Catching 404 Errors

CCarter

Final Boss ®
Moderator
BuSo Pro
Boot Camp
Digital Strategist
Joined
Sep 15, 2014
Messages
4,297
Likes
8,820
Degree
8
In my never ending quest for perfection I created a script that helps me catch 404 errors quickly. It simply reads from the recent access/error logs and then send me a list once a day (using a cronjob at 8:30AM) on bad requests.

It'll get one-off stuff here and there but it will also help you see constant problems that need addressing.

Some of theses simple fixes, especially on large site can translate into recovering lost revenue due to users hitting bad pages. Here is the php version of the code:

404-error.php:

Code:
<?php

$files = ["/var/log/apache2/access.log", "/var/log/apache2/access.log.1"];
$missingPages = [];

foreach ($files as $file) {
    if (file_exists($file) && is_readable($file)) {
        $lines = file($file);
        foreach ($lines as $line) {
            if (strpos($line, '" 404 ')) {
                preg_match('/"GET (.+?) HTTP/', $line, $matches);
                if (isset($matches[1])) {
                    if (!isset($missingPages[$matches[1]])) {
                        $missingPages[$matches[1]] = 0;
                    }
                    $missingPages[$matches[1]]++;
                }
            }
        }
    } else {
        echo "Cannot read file: $file\n";
    }
}

arsort($missingPages);

// You can email this to yourself once a day in the morning or have it posted to a slack channel or other communication channel to monitor

function sendEmailReport($missingPages) {
    $to = 'myemail@compuserve.com';
    $subject = '404 Error Report';
    $message = "404 Error Pages Report:\n\n";
    foreach ($missingPages as $page => $count) {
        $message .= $page . " - Hits: " . $count . "\n";
    }
    $headers = 'From: main_site@example.com' . "\r\n" .
               'X-Mailer: PHP/' . phpversion();

    if (mail($to, $subject, $message, $headers)) {
        echo "Email sent successfully to $to\n";
    } else {
        echo "Failed to send email.\n";
    }
}

// Generate and send the report
sendEmailReport($missingPages);

?>

results:

x9LHqmt.png

It tells me that 11 attempts, me, went to /help/ which doesn't exist. If this was a live site then I use the following command line to figure out what's calling these pages:

cat /var/log/apache2/access.log | grep "404" | grep "help"

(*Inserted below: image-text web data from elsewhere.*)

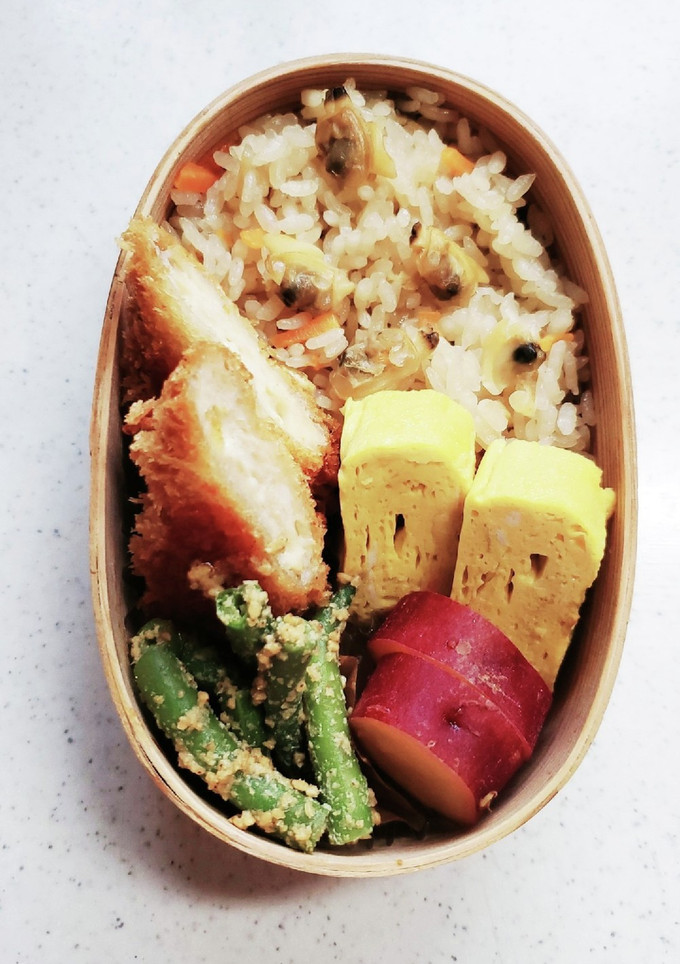 ☆高校生娘のお弁当☆453-レシピのメイン写真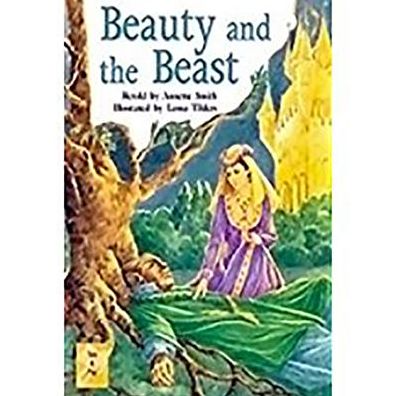 RPM Gold Beauty & Beast Is (PM Traditional Tales and Plays Gold Level) - Annette Smith - Books - Rigby - 9780763557669 - April 24, 1999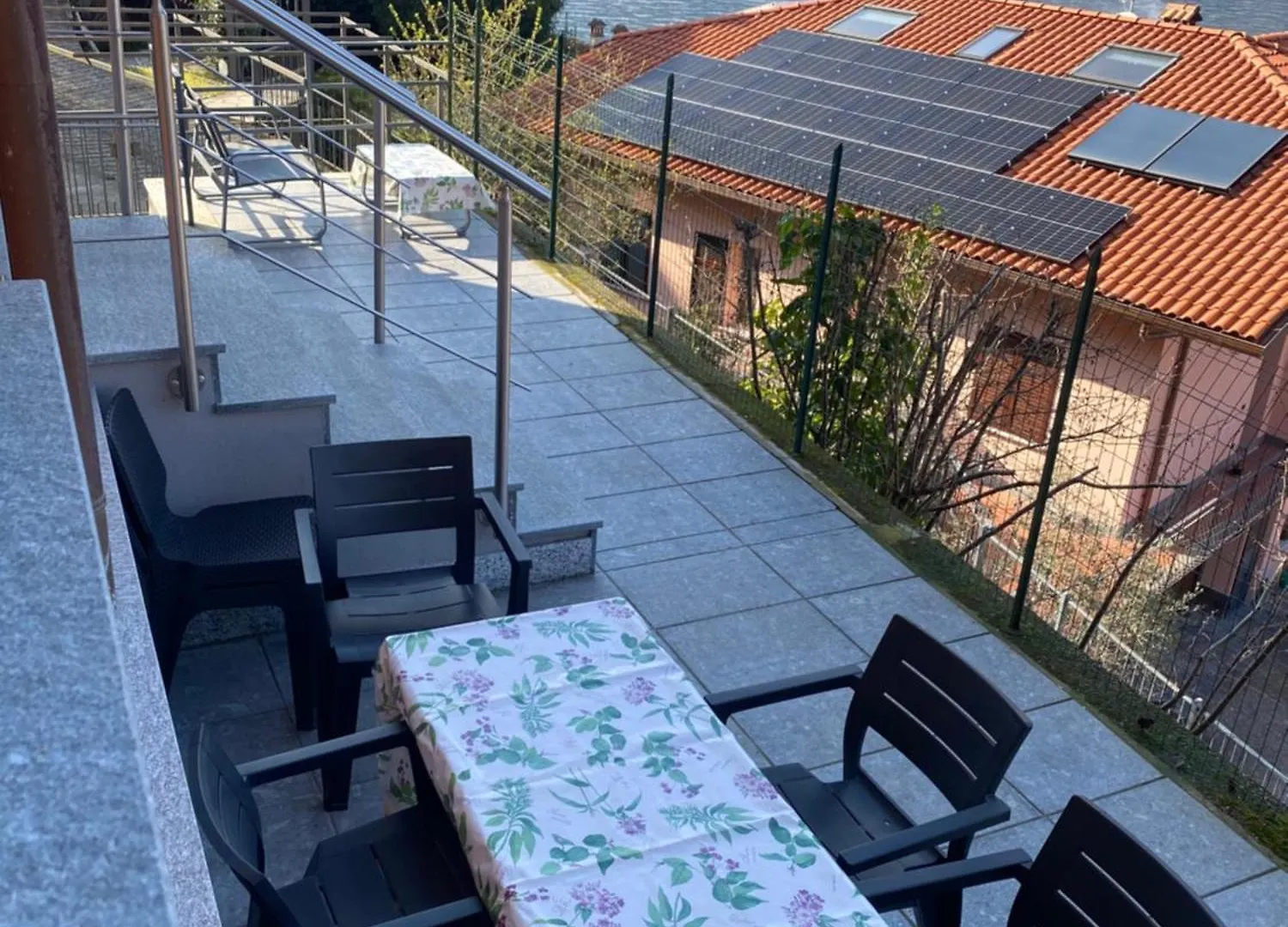 Apartment Appartamento Sosta Sul Lago Lezzeno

That should help narrow down your hunt.

Also instead of emailing it to yourself you can have it post to a slack channel called #404-Errors and so your whole team can see problems as they come in.

From the trenches,
CC
 
I just implemented a similar script based on this idea that also includes the IP, User Agent, and Page Referrer in the report with a daily email sent to the admin. It is extremely useful, so thanks for the idea.

How much do you think 404 errors from Googlebot on nonexistant pages (never existed, never will, sometimes irrelevant) could be affecting a site's SEO?

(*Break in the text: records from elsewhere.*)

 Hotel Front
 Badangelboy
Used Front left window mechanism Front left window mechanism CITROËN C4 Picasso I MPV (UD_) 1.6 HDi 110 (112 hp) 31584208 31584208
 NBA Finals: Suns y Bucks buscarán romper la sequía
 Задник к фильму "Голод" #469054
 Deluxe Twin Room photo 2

Do you think it is a negative SEO tactic to point spam links to non-existant URLs to artifically inflate 404 errors and get Googlebot to waste resources on a site? And perhaps to make the site seem "irrelevant" or dilute the authority?

When you find an IP that repeatedly tries to access a bunch of differrent php files and wp-admin files, do you simply block that IP? And block every IP that does this every day? Any further steps you would take?
 
How much do you think 404 errors from Googlebot on nonexistant pages (never existed, never will, sometimes irrelevant) could be affecting a site's SEO?
I think it has zero bearing on SEO. It's something that's out of the webmaster's hands. You can't stop users on the internet from typing out or pasting malformed URLs.

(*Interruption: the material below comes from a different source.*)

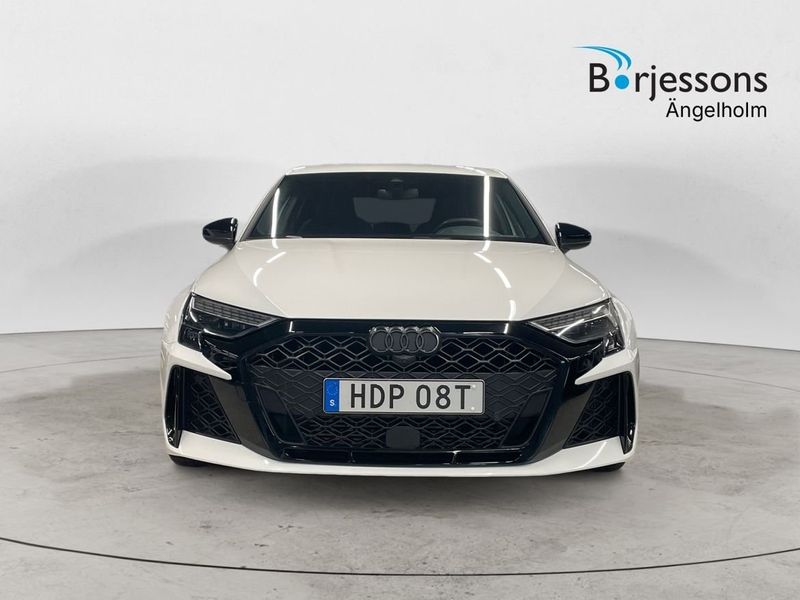 Audi RS3 bild 5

Do you think it is a negative SEO tactic to point spam links to non-existant URLs to artifically inflate 404 errors and get Googlebot to waste resources on a site?
If this was possible and this easy, it'd be a never-ending vector of attack by bad actors, and it's not. While I'm sure there's been attempts, I've never once seen this employed anywhere. I feel assured that someone would have tried it and discovered how simple it was, destroyed a ton of sites rankings, and that word would have spread like wildfire.

When you find an IP that repeatedly tries to access a bunch of differrent php files and wp-admin files, do you simply block that IP? And block every IP that does this every day? Any further steps you would take?
You're better off just blocking access to these files than trying to catch a bunch of rotating proxies. For the WP-Admin you can set up 2FA that blocks the IPs with fail2ban so they can't even get to your login page, which most wp-admin URLs should be redirecting them to anyways. Stops them from trying to brute-force hack into your backend, which inadvertently becomes a DDOS attack. Search for how to create an .htpasswd file. It involves generating a new username and password that's encrypted and stored in a file, that loads nearly zero resources to stop all these requests.
 
When you find an IP that repeatedly tries to access a bunch of differrent php files and wp-admin files, do you simply block that IP? And block every IP that does this every day? Any further steps you would take?

Use fail2ban on the server level. This works by blocking repeated SSH attempts and a ton of various other problems.

Since I'm not on WordPress I use this to find bad actors trying to access files and block their IP Addresses for 4-8+ weeks (my setup is excessive). Within fail2ban you can create a custom setup that will allow you to customize who gets blocked based on the access they are trying.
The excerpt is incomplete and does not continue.